BRISBANE is bracing itself for more bad weather after one of the strongest, most devastating thunderstorms in years brought huge rainfall to the city in a period of just minutes
(SOURCE) Yesterday afternoon, footage posted to facebook revealed what many described as “the eye of the storm” in Providence, South Ripley, a small, developing community with a population of under 1000 residents in the outer western region of Brisbane.
“The eye of the scariest storm I’ve ever witnessed,” wrote Matty Gilchrist, who posted the clip.
Many were comparing the jawdropping footage to the tornadoes seen in the United States.
Several users posted similar photos of the storm, which occurred at around 3.30 in the afternoon.
Other images to come out of South Ripley included severe damage to a horses leg after a shed roof flew across the paddock, exposing the bone of the mare.
Forecasters predict more showers and thunderstorms in Southeast Queensland on Thursday, but are expected to be slow movers in comparison to yesterday’s quick but brutal downpour.
High moisture levels mean the storms that do develop should be sluggish, but contain heavy rain.
A massive thunderstorm struck the metropolitan area around 4:30pm local time on Wednesday, drenching the city, causing traffic chaos and leaving many people stranded by flash flooding and in need of rescue.
The city received 55mm of rain in less than an hour, well over half the monthly average.
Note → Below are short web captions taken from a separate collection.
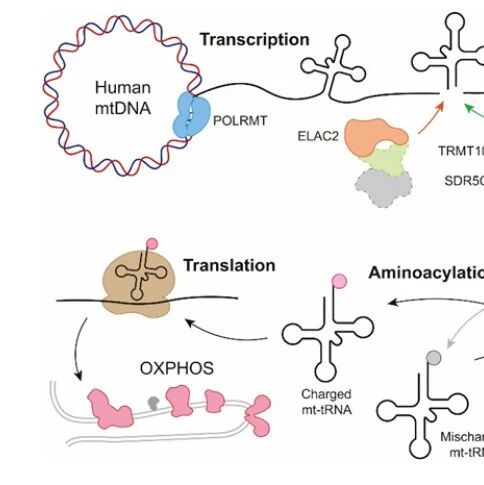 Trends Biochem Sci | 中科院周小龙研究员受邀综述人线粒体tRNA修饰与氨基酰化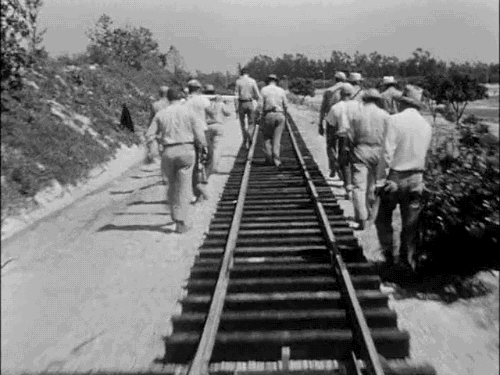 kodak presents disneyland 59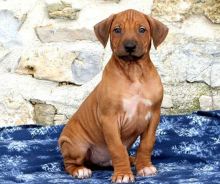 Rhodesian Ridgebeck puppies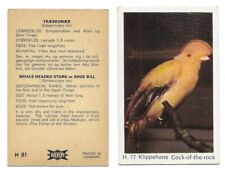 dandy gum cards animals for sale  PRESTON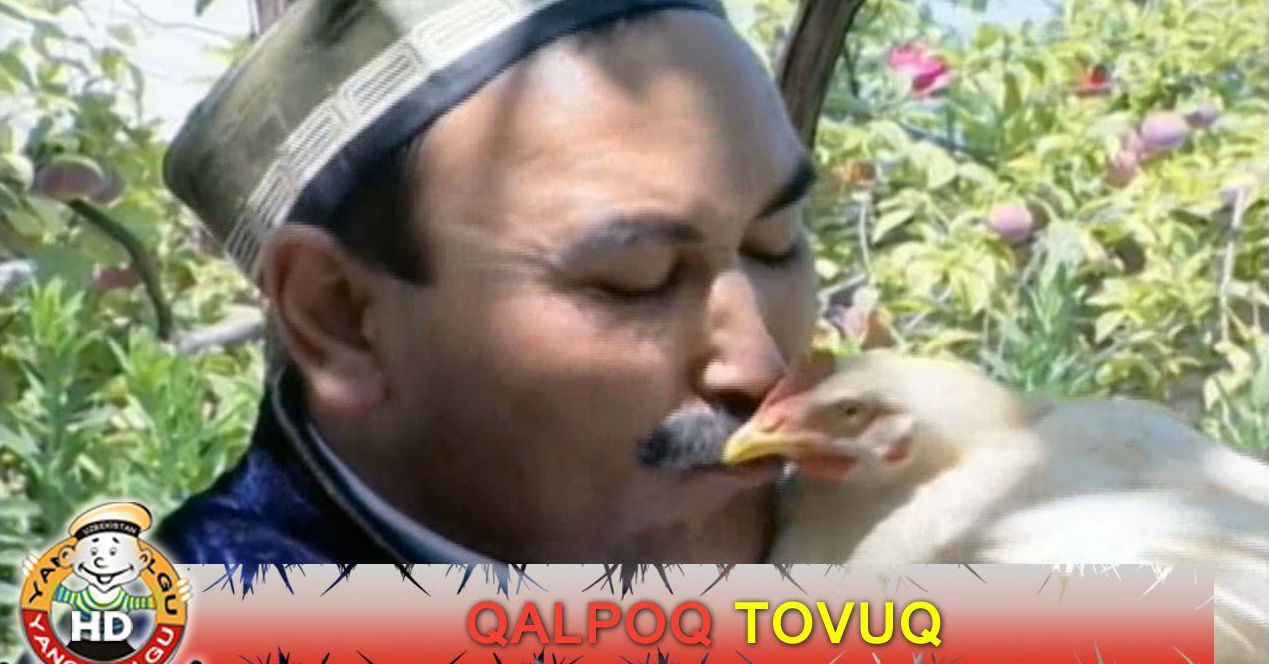 Постер Qalpoq - Tovuq (2015)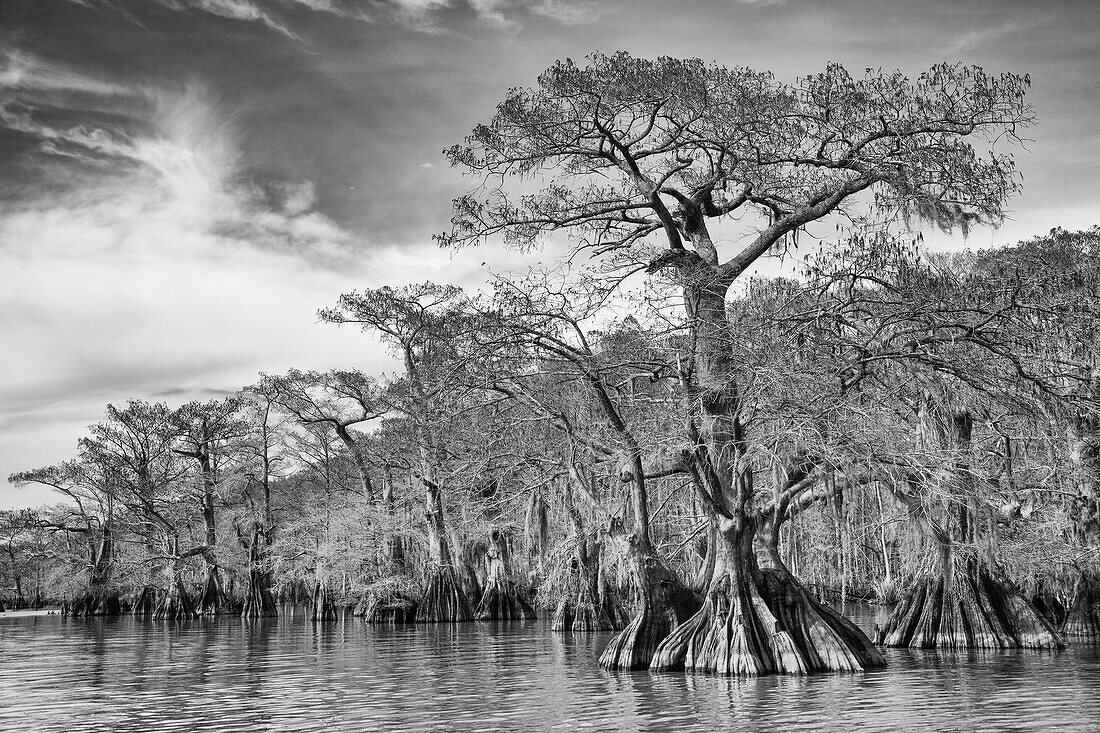 Altgewachsene Sumpfzypressen im Dauterive-See im Atchafalaya-Becken oder -Sumpf in Louisiana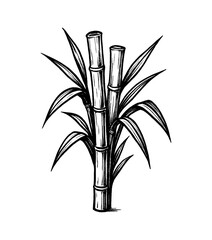 Black and white illustration of sugarcane plant with leaves and stalk vector drawing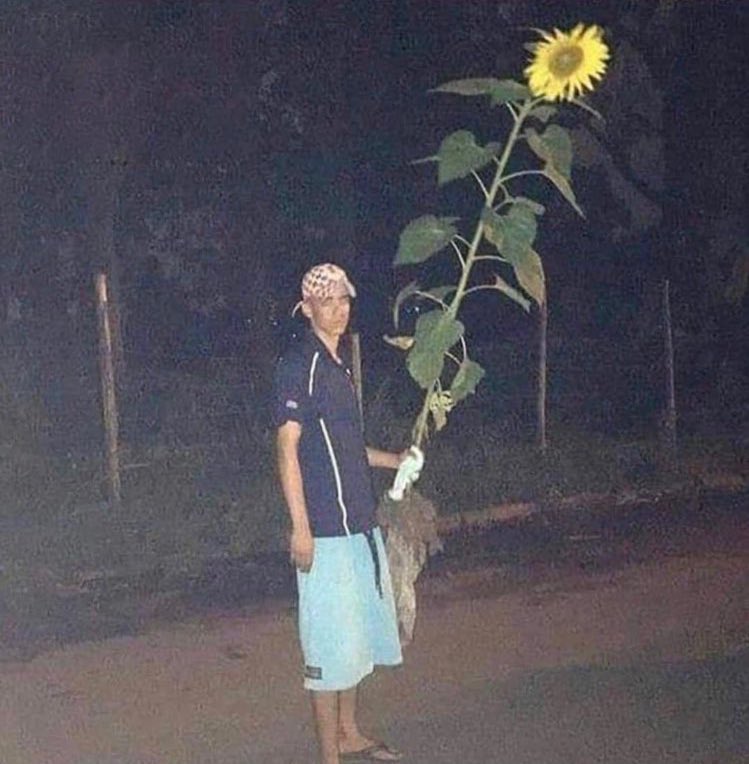 Así te iba a llegar hoy, pero no me hablas.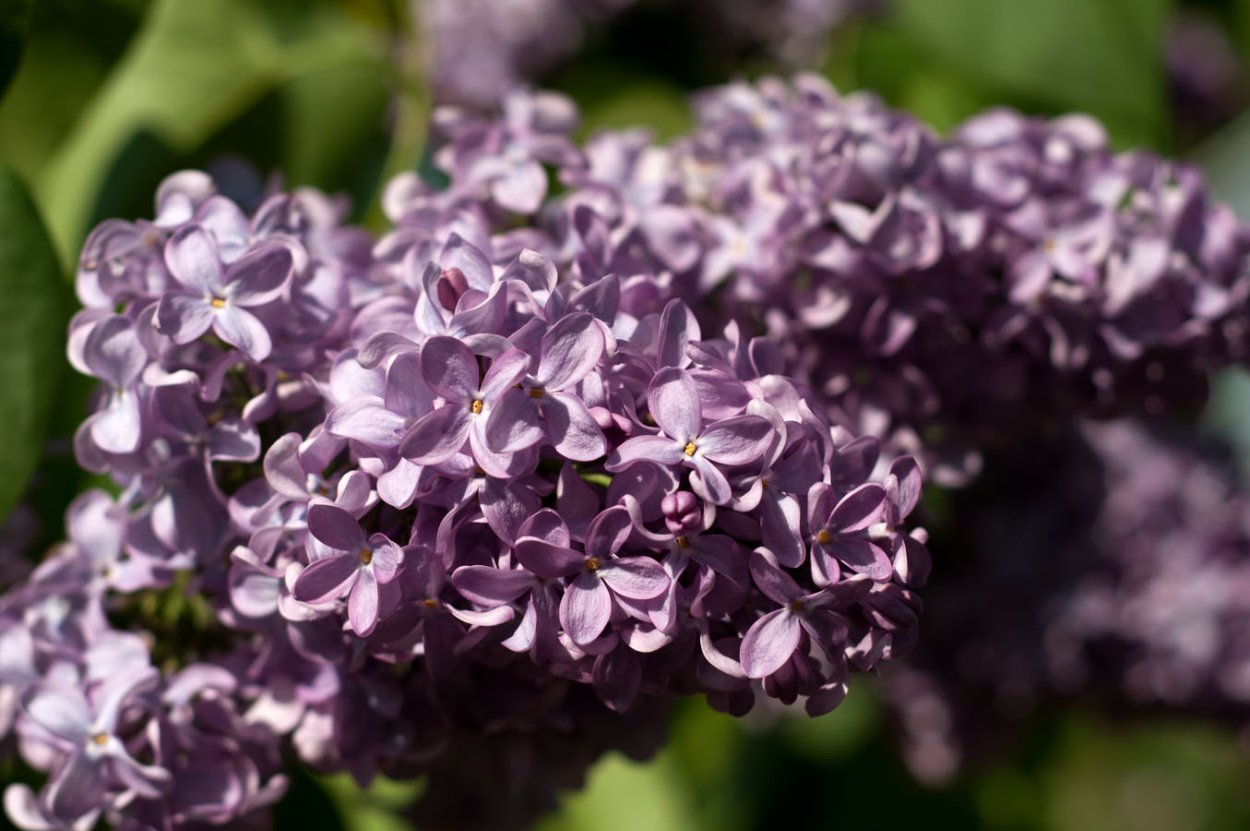 Сирень обыкновенная (Syringa vulgaris)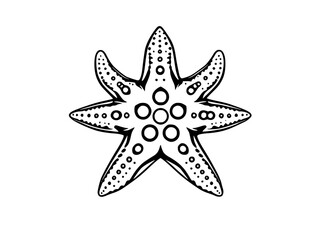 golden star on white background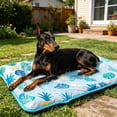 thumbnail image 4 of Pet Cooling Mat With Pillow – Gel Ice Pad For Cats & Dogs, Self-Cooling Comfort Bed, Non-Toxic, Washable & Foldable, Indoor/Outdoor, Large 19.69X25.59", 4 of 6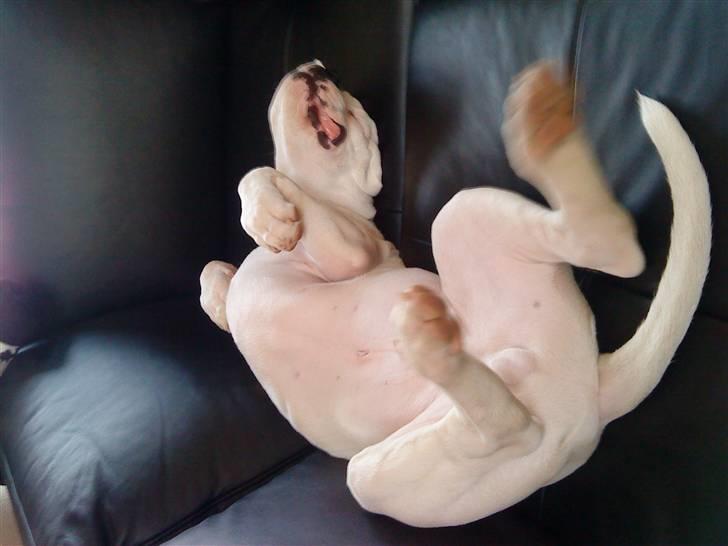 Amerikansk bulldog Tyson billede 12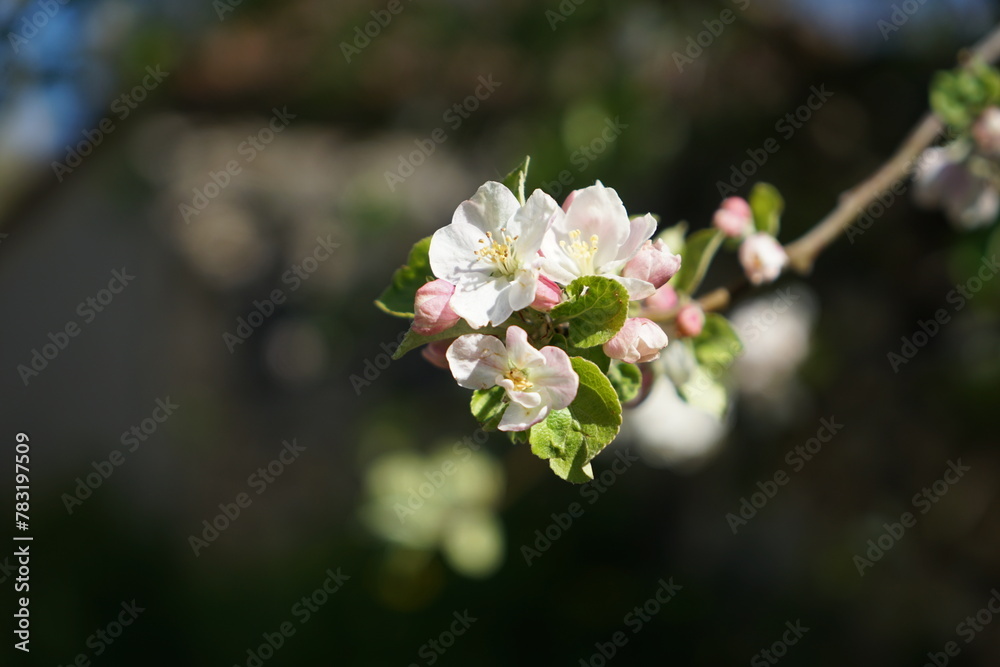 Obraz premium Blooming branch of an apple tree with pale pink flowers and small pale green leaves on a blurred background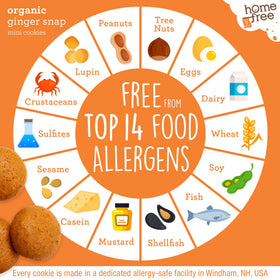 Homefree Nut-free facility ensures allergy-conscious production and clean labeling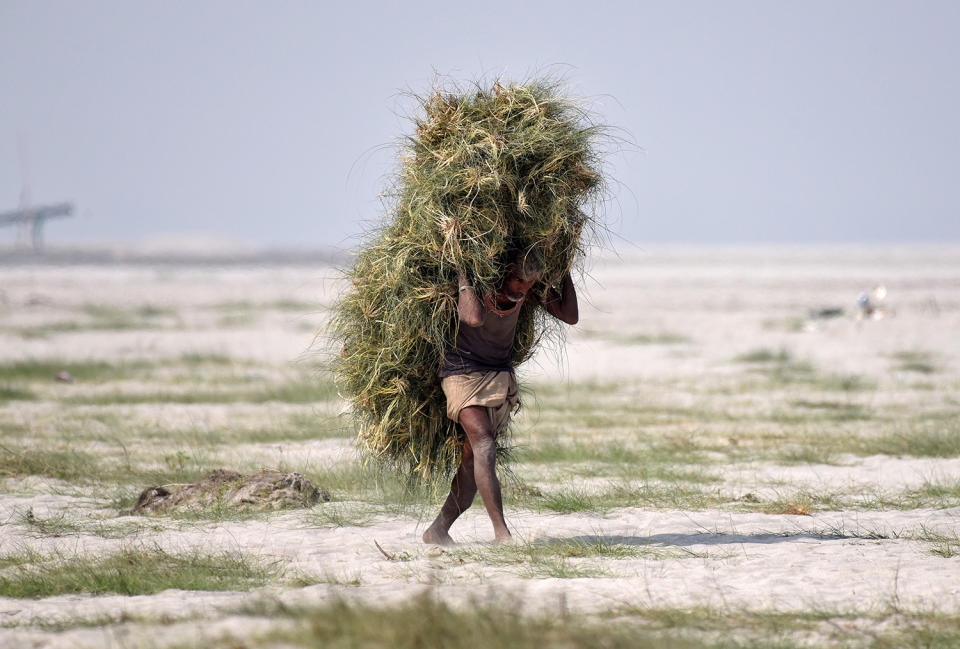 A man carries grass to feed his cattle in Guwahati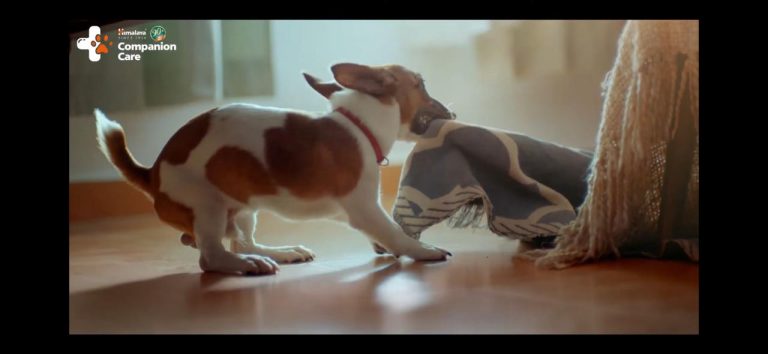 Brand : Himalaya Pet Food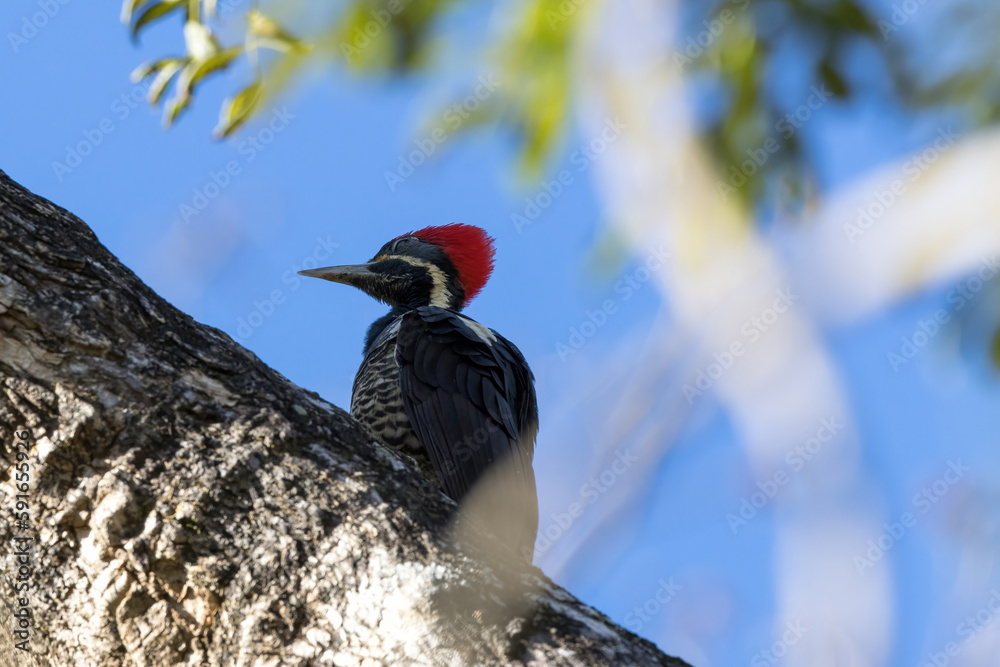 Fototapeta premium 木の枝にとまるシマクマゲラ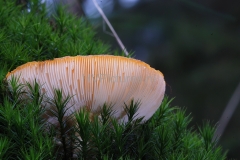 Paddenstoelen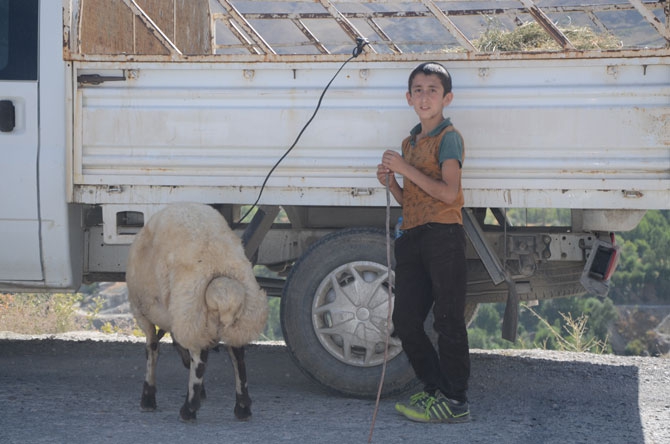 Hakkari’de bayram pazarı kuruldu! 29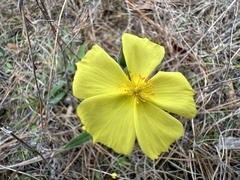 Crocanthemum carolinianum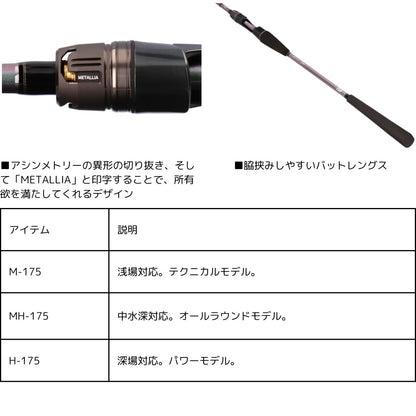 24 メタリア タチウオテンビン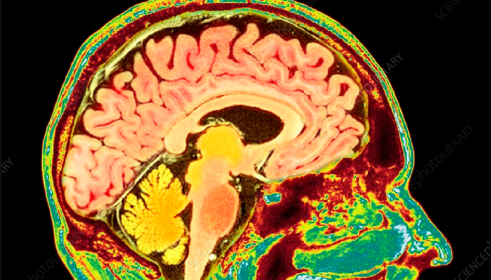 Bill Barbato’s Mission Briefs: The Memory Remains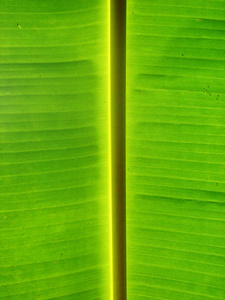 香蕉棕榈树绿叶特写背景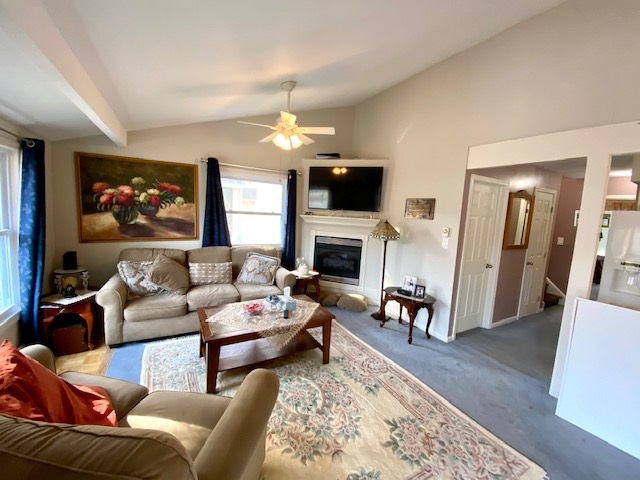 425 3rd West Cape May, NJ 08204 - Photo 4 of 16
Some suburbs reportedly received as much as 100mm, with the highest official recording 87mm at Archerfield in the city’s south.
The devastating flooding this evening is a very, very different type of disaster to the January 2011 floods when the Brisbane river rose steadily over days.
While there were devastating flash floods in areas like Toowoomba and the Lockyer Valley in the summer of 2010/11, Brisbane itself suffered a slow inundation of low-lying areas of the city.